After my stress test on Friday I have been struggling with being disappointed in myself in not being able to run for 6 minutes, for indulging in unhealthy foods (ok I didn't go completely overboard but not the best either), and definitely haven't exercised. Yesterday as a distraction from my mind of being myself up over the stress test I finished reading the book "Heaven Is For Real" by Todd Burpo. I came away from it thinking "ask and it will be given to you". God knows the desires of my heart. He knows how I want a husband, a healthy body, a job, etc... After finished it I just knew that if this job was God's will then He will allow me to pass the medical portion of the employment process. Tomorrow (Monday) I go in for the doctor's appointment to get the results of the medical physical.
This morning I woke up excited. For today, 2000 years ago, the grave was empty, He had risen. Today we celebrate the greatest day in the history of man. I woke up with 1 Corinthians 15:54b-55 on my heart...
"Death has been swallowed up in victory.
Where, O death, is your victor?
Where, O death, is your sting?"
As the worship service got started this morning, they had this verse on the screen, and then a few songs centered around it. I just love when God gives a verse in my heart and I have affirmation throughout the day. Today I have been focused on asking God for the desires of my heart. I am not demanding God give me this job, I am asking that His will be done.

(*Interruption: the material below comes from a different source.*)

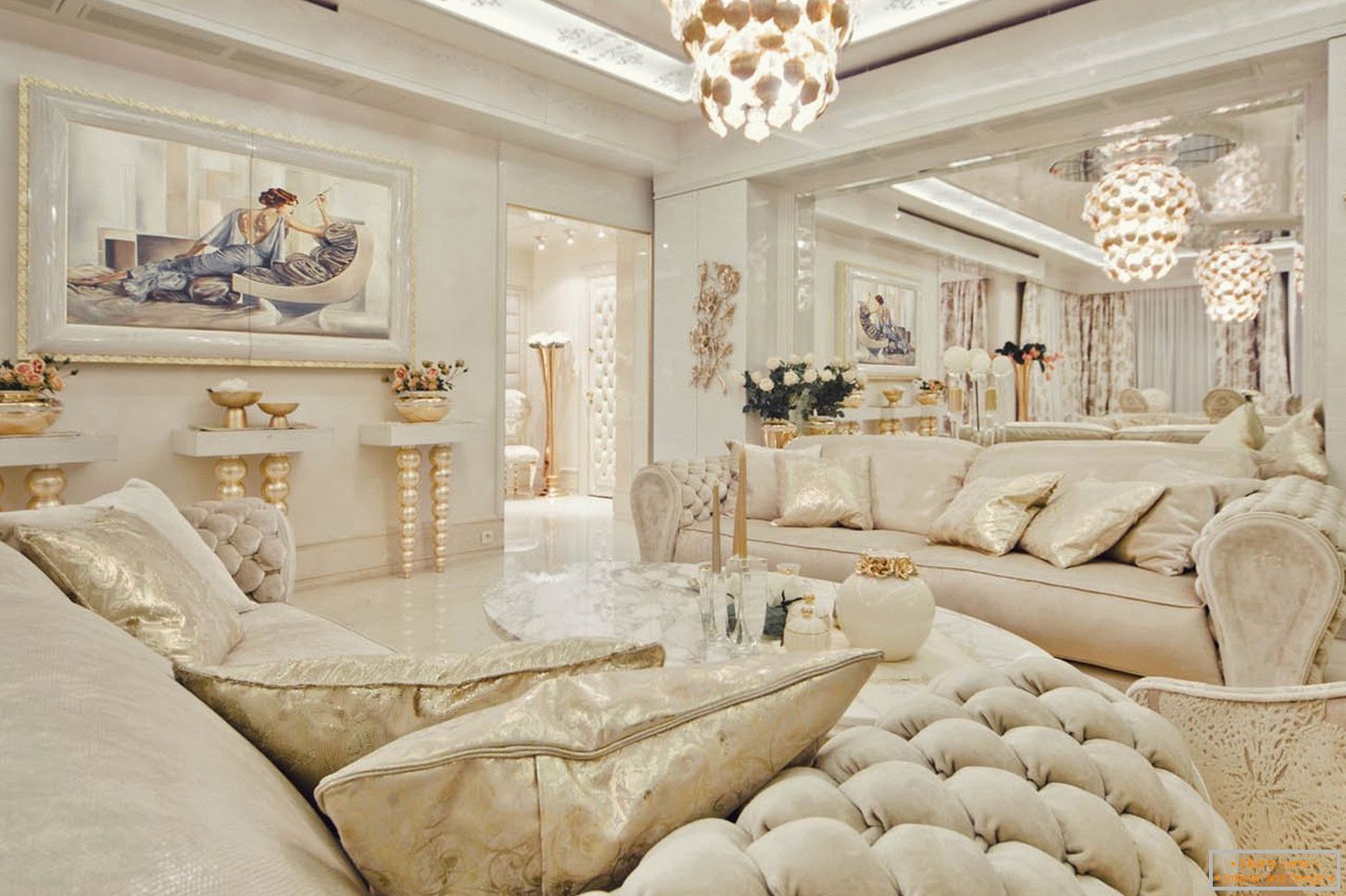 Interior in white color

He know that my savings account is dwindling, and that this job is right up my ally for pay, and it's a jail so in my field. He knows all this. And I know that my God is greater then 20 seconds less then completing my stress test. I am believing in Him to provide for me in His Will.

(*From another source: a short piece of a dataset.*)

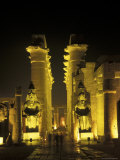 Luxor Temple Entrance with Ramses II Statues at Night in Luxor  Egypt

I have been trying to finishing reading the book "Made to Crave" by Lysa Terkeurst. It's a fabulous book about us as creatures being created to crave after God instead of food or other physical cravings. I highly recommend it for anyone struggling with weight loss. Since I moved I got off track with my weight loss. Lost my passion due to all the temptations and the food cravings. I am learning to turn my cravings for oreos to craving for God. It's a struggle, but through this book I am learning it's possible to make my weight loss to be God centered instead of weight centered. To not focus on the scale but to focus on making my temple clean and healthy that God gave me.